** WORK TO COMPLETE **
Please write out only the lines from the one containing "Monitor dechu - 2" through the last line of the listing. Do not include pictures.

** EXERCISE DATA **
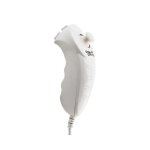 Manette filaire wii / wiiu iichuck blanc pour nintendo wii et wiiu - iichuck white Manette filaire wii / wiiu iichuck blanc pour nintendo wii et wiiu - iichuck white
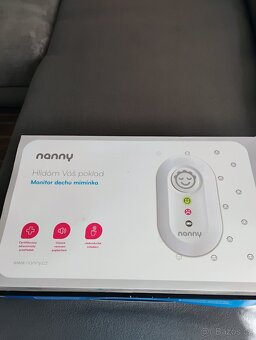 Monitor dechu - 2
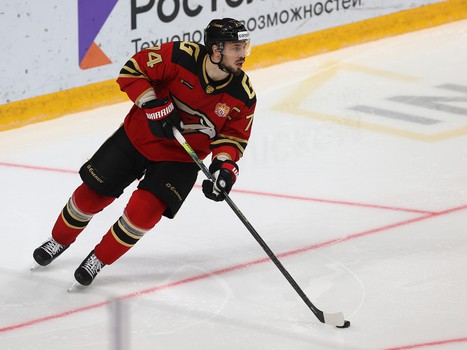 29.10.2021. «Авангард» - «Салават Юлаев» 2:1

** EXERCISE RESULT **
 Monitor dechu - 2
 29.10.2021. «Авангард» - «Салават Юлаев» 2:1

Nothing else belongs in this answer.